For optimal cluster performance, Dell Technologies recommends observing the following SmartDedupe best practices:
- Deduplication is most effective when applied to datasets with a low rate of change—for example, archived data.
- Enable SmartDedupe to run at subdirectory levels below /ifs.
- Avoid adding more than 10 subdirectory paths to the SmartDedupe configuration policy,
- SmartDedupe is ideal for home directories, departmental file shares, and warm and cold archive datasets.
- Run SmartDedupe against a smaller sample dataset first to evaluate performance impact compared to space efficiency.
- Schedule deduplication to run during the cluster’s low-usage hours—that is, overnight, weekends, and so on.
- After the initial deduplication job has completed, schedule incremental deduplication jobs to run every two weeks or so, depending on the size and rate of change of the dataset.
- Always run SmartDedupe with the default low-impact Job Engine policy.
- Run the deduplication assessment job on a single root directory at a time.
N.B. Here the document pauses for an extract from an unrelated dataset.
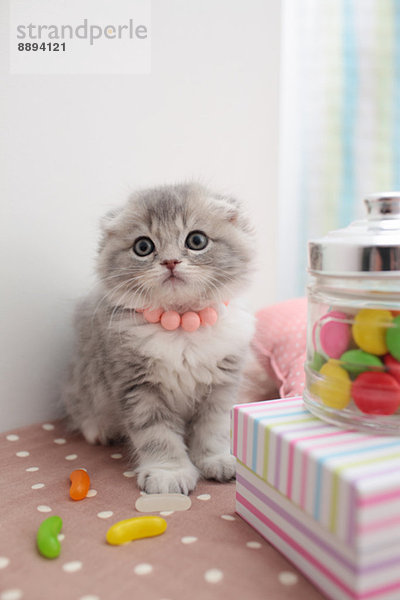 Scottish Fold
If multiple directory paths are assessed in the same job, you will not be able to determine which directory should be deduplicated.
- When replicating deduplicated data, to avoid running out of space on target, verify that the logical data size (that is, the amount of storage space saved plus the actual storage space consumed) does not exceed the total available space on the target cluster.
- Run a deduplication job on an appropriate dataset before enabling a snapshots schedule.
- Where possible, perform any snapshot restores (reverts) before running a deduplication job, and run a deduplication job directly after restoring a prior snapshot version.